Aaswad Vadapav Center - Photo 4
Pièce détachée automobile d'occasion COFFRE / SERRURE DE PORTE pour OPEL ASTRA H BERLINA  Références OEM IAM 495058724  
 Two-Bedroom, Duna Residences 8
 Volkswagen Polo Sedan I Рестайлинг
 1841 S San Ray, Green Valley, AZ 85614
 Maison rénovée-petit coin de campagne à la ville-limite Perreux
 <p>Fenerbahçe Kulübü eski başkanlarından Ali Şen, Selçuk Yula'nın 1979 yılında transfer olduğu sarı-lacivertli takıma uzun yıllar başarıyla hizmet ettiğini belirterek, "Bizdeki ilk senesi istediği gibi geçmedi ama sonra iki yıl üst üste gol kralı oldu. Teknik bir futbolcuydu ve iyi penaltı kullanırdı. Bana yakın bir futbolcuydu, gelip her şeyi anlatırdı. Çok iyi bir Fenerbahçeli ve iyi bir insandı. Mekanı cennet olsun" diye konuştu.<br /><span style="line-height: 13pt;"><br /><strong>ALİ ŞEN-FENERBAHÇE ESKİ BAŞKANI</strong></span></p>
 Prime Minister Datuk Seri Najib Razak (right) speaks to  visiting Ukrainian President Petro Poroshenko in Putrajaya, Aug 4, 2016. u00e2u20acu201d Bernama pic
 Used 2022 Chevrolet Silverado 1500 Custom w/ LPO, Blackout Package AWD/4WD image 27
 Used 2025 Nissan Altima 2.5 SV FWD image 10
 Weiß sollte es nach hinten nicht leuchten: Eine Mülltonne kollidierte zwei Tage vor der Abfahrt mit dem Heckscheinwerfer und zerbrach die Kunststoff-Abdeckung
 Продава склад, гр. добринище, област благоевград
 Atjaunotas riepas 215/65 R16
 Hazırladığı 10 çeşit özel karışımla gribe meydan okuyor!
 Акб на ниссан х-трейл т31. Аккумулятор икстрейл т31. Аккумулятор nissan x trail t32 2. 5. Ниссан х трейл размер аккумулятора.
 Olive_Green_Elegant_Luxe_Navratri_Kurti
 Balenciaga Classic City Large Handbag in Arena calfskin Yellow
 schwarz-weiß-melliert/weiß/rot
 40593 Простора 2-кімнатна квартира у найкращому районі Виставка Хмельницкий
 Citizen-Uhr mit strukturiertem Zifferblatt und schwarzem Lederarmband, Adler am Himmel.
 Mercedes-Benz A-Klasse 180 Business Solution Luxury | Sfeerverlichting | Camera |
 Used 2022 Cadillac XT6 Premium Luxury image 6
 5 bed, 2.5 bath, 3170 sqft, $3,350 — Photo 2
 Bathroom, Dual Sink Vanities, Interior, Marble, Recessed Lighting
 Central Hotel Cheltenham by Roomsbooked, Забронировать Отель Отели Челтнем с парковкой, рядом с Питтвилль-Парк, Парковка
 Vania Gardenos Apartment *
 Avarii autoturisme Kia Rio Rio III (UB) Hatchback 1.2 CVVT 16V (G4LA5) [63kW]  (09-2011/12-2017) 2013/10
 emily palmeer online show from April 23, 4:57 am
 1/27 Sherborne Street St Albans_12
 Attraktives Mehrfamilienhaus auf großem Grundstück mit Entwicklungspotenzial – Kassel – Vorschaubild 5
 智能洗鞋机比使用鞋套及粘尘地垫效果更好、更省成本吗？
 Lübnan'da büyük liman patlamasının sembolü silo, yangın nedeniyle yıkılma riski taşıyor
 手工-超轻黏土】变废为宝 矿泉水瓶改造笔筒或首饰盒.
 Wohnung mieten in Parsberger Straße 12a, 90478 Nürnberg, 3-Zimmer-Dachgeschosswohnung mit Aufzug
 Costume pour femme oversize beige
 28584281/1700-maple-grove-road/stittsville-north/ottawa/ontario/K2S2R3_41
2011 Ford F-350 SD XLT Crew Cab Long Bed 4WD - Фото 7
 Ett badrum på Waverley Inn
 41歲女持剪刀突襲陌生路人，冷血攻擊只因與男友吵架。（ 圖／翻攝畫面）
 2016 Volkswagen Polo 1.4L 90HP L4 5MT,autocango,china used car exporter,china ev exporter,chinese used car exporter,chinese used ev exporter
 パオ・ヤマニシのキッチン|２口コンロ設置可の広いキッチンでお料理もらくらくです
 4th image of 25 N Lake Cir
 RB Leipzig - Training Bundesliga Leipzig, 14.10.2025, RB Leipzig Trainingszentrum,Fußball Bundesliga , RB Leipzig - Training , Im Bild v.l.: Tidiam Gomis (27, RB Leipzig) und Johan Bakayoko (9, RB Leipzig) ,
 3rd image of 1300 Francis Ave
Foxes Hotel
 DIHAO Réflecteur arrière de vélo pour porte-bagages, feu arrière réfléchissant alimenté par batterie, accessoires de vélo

------------

→ **Exercise**:
Give back, exactly as written, the stretch from the line with "Atjaunotas riepas 215/65 R16" through the line with "Olive_Green_Elegant_Luxe_Navratri_Kurti", and no other lines from the records above.

→ **Solved exercise**:
 Atjaunotas riepas 215/65 R16
 Hazırladığı 10 çeşit özel karışımla gribe meydan okuyor!
 Акб на ниссан х-трейл т31. Аккумулятор икстрейл т31. Аккумулятор nissan x trail t32 2. 5. Ниссан х трейл размер аккумулятора.
 Olive_Green_Elegant_Luxe_Navratri_Kurti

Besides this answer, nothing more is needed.